# Generative Adversarial Nets

## Imports

In [1]:
import tensorflow as tf
from tensorflow import keras
import numpy as np

## Model definition

### Note: I wrote the below code while looking at the notebook here: https://www.tensorflow.org/guide/keras/customizing_what_happens_in_fit/, but I didn't look at the GAN solution

First of all, let me make a plan about what I need to implement this paper:

I think the discrimnator needs to have a sigmoid activaiton function in the last layer (since it's predicting true/fake for the image it gets on the input) and its loss function needs to be binary crossentropy.

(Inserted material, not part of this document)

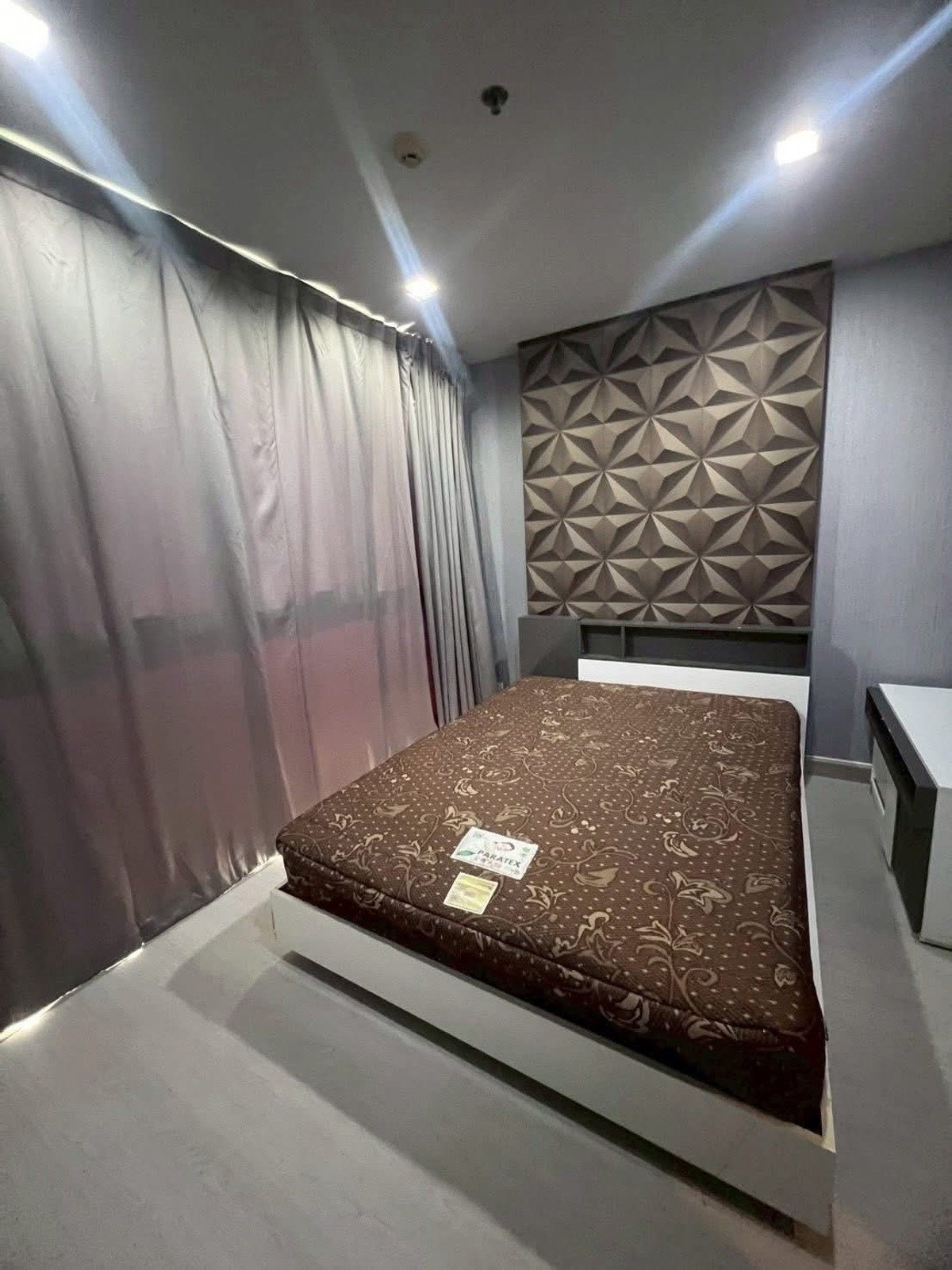 For RentCondoOnnut, Udomsuk : 🔥 Reduced price to only 17,000 baht/month 🔥 🏢 Ideo Mobi Sukhumvit 81 – Tower B ✨ 2-story duplex room, high ceiling, airy, open, very livable ✨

### Note: I know that the above sentence is incorrect, but I found it out after I tried to implement the GANs myself and then looking at the TensorFlow implementation

For the generator, its activation function doesn't need to exist (it can be just a Dense layer). The paper suggested building 2 multi-layer perceptrons, so I guess that's OK. The loss function should be RMSE or something of that sort since I will be measuring the difference between each pixel. With this approach I see that it's possible for the generator to learn to re-create the data distribution (the images), but this is the best idea I have as of now.

In [2]:
class GAN(keras.Model):
    def __init__(self):
        super(GAN, self).__init__()
        
        self.generator = tf.keras.Sequential([
            tf.keras.layers.Flatten(),
            tf.kears.layers.Dense(8),
            tf.kears.layers.Dense(16),
            tf.kears.layers.Dense(32),
            tf.keras.layers.Dense(inputs.shape) # TODO: Figure out how to make this layer output the image
                                                # of the same shape
        ])
        
        self.discriminator = tf.keras.Sequential([
            tf.keras.layers.Flatten(),
            tf.kears.layers.Dense(8),
            tf.kears.layers.Dense(16),
            tf.kears.layers.Dense(32),
            tf.keras.layers.Dense(1, activation="sigmoid")
        ])
        
        self.loss_tracker_generator = keras.metrics.Mean(name="loss_generator")
        self.metric_generator = keras.metrics.MeanAbsoluteError(name="mae")
        
        self.loss_tracker_discriminator = keras.metrics.Accuracy(name="loss_discriminator")
        self.metric_discriminator = keras.metrics.BinaryAccuracy(name="binary_accuracy")
        
    def train_step(self, data):
        # Unpack the data. Its structure depends on your model and
        # on what you pass to `fit()`.
        x_batch, z_batch = data

        with tf.GradientTape() as tape:
            y_pred = self.discriminator(x_batch, training=True)  # Forward pass
            # Compute the loss value
            # (the loss function is configured in `compile()`)
            loss = self.compiled_loss(y, y_pred, regularization_losses=self.metric_discriminator)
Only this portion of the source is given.